* How to complete this task
In the records below, the lines between the one holding "Moment erobert: Eine" and the one holding "Wildride Toddler Carrier", inclusive, are to be transcribed exactly; no pictures are to be included.

* Data supplied
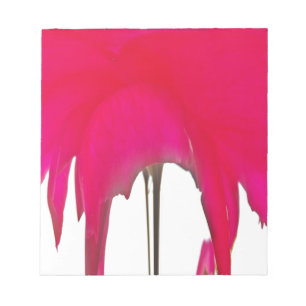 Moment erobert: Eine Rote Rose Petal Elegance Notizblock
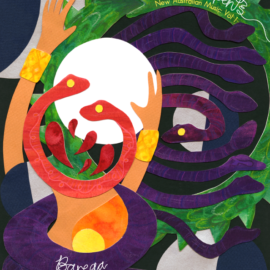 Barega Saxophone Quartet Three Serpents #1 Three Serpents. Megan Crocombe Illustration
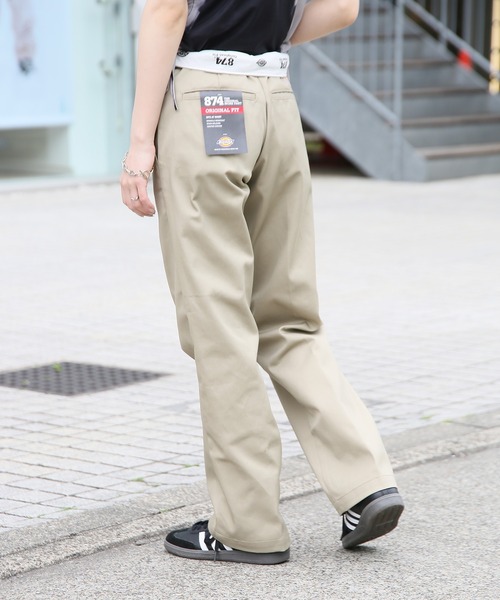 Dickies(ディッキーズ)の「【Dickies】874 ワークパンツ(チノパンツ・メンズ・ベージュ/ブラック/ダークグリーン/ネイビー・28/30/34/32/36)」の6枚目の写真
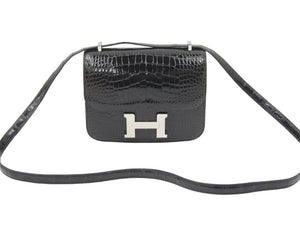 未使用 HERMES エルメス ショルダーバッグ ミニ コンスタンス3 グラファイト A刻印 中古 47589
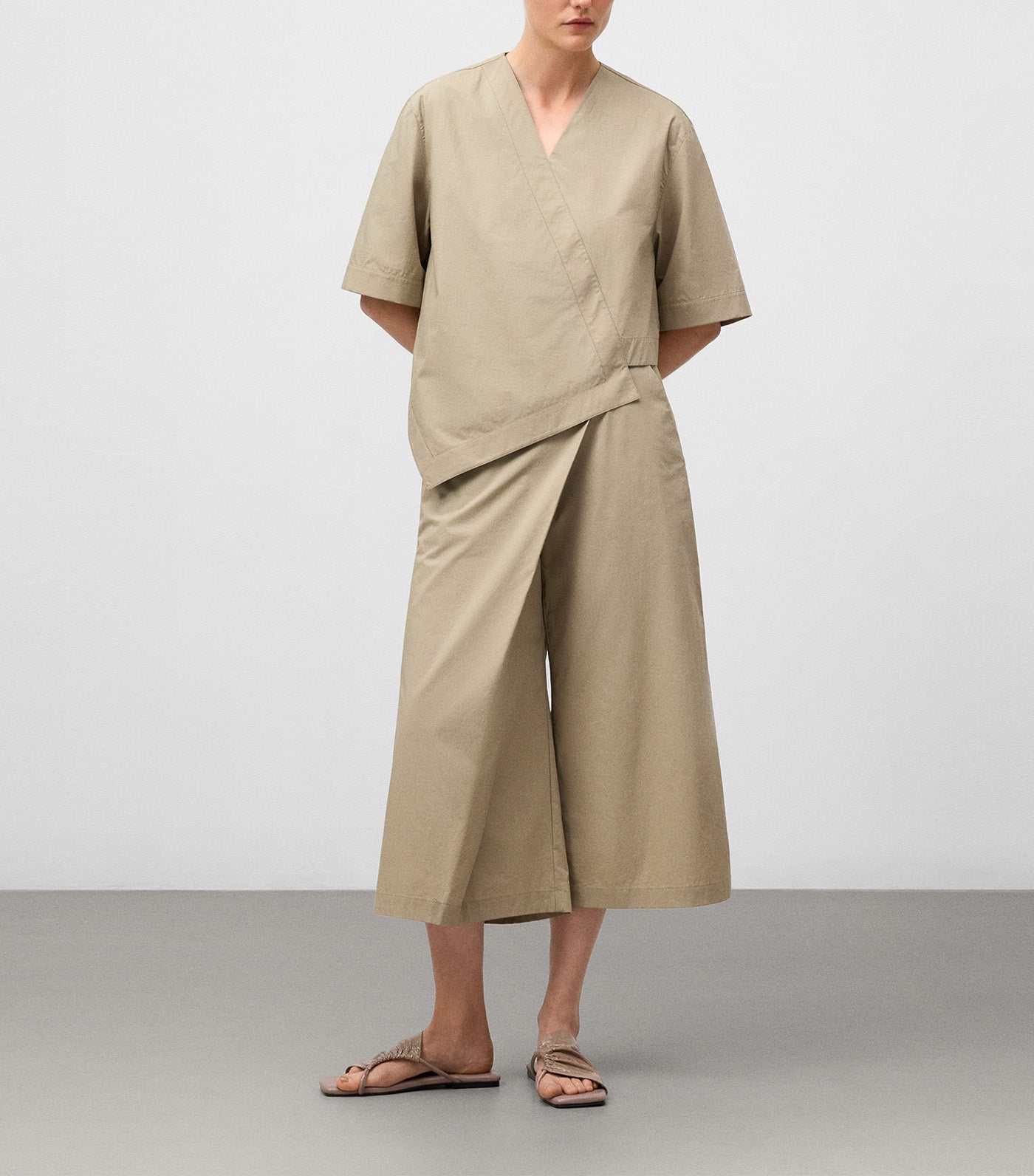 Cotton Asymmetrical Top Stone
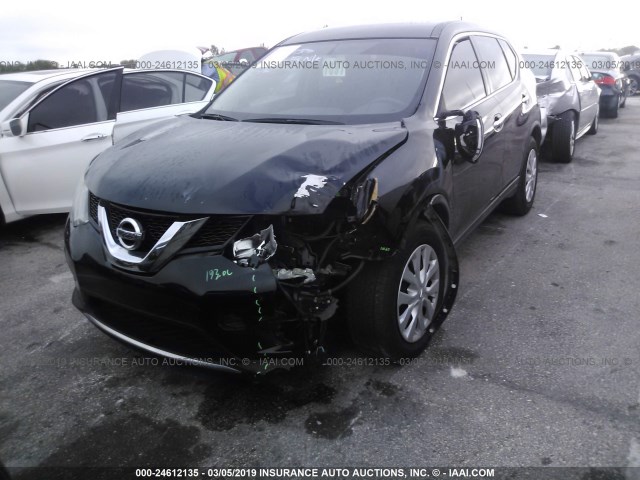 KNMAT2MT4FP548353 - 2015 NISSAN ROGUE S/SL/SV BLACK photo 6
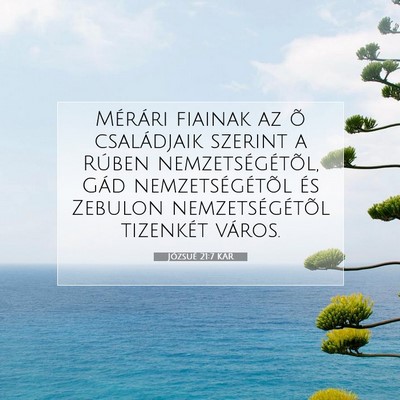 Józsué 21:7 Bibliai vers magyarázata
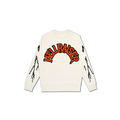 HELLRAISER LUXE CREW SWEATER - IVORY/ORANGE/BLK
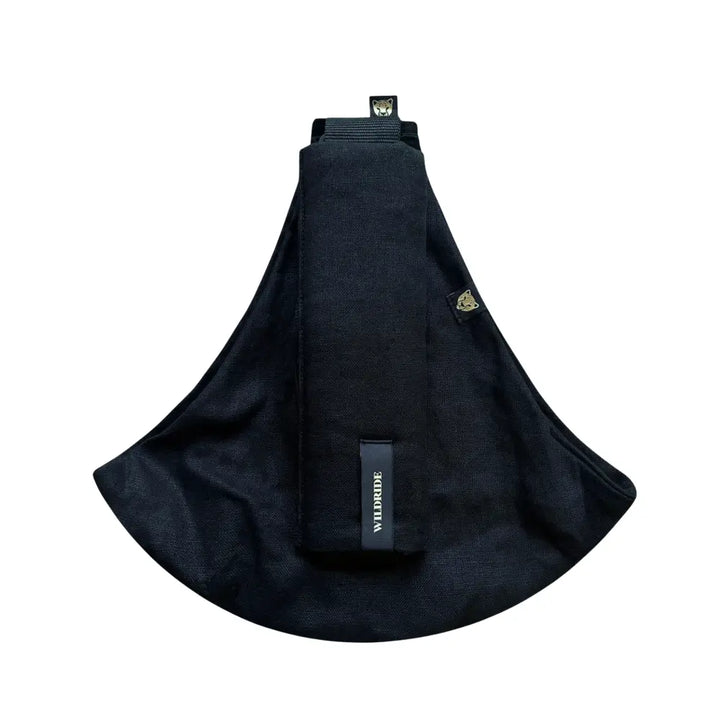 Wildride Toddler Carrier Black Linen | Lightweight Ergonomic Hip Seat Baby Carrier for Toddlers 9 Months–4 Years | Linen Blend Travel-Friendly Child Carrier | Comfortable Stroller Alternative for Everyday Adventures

...

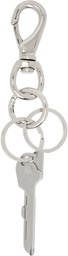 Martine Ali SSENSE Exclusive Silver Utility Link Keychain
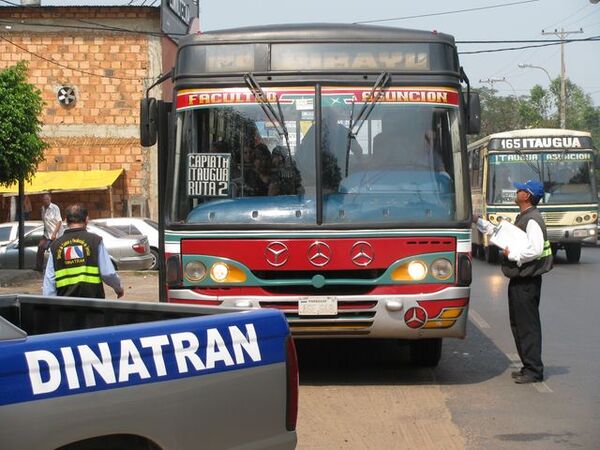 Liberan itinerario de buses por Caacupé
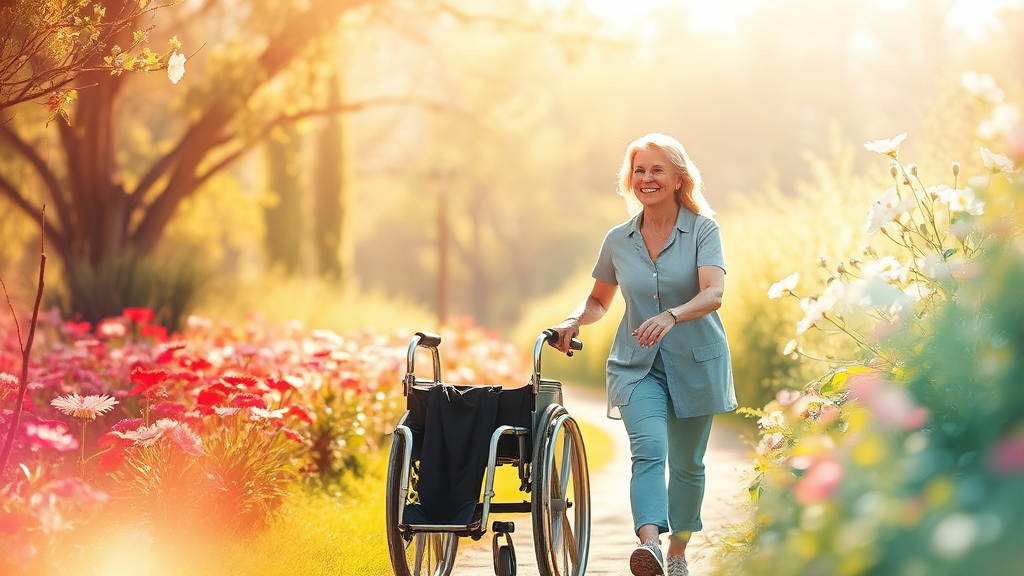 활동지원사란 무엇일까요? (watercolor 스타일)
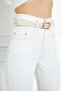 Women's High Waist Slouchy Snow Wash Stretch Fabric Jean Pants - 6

...

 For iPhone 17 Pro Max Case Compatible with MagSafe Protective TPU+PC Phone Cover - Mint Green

* Answer space
 Moment erobert: Eine Rote Rose Petal Elegance Notizblock
 Barega Saxophone Quartet Three Serpents #1 Three Serpents. Megan Crocombe Illustration
 Dickies(ディッキーズ)の「【Dickies】874 ワークパンツ(チノパンツ・メンズ・ベージュ/ブラック/ダークグリーン/ネイビー・28/30/34/32/36)」の6枚目の写真
 未使用 HERMES エルメス ショルダーバッグ ミニ コンスタンス3 グラファイト A刻印 中古 47589
 Cotton Asymmetrical Top Stone
 KNMAT2MT4FP548353 - 2015 NISSAN ROGUE S/SL/SV BLACK photo 6
 Józsué 21:7 Bibliai vers magyarázata
 HELLRAISER LUXE CREW SWEATER - IVORY/ORANGE/BLK
 Wildride Toddler Carrier Black Linen | Lightweight Ergonomic Hip Seat Baby Carrier for Toddlers 9 Months–4 Years | Linen Blend Travel-Friendly Child Carrier | Comfortable Stroller Alternative for Everyday Adventures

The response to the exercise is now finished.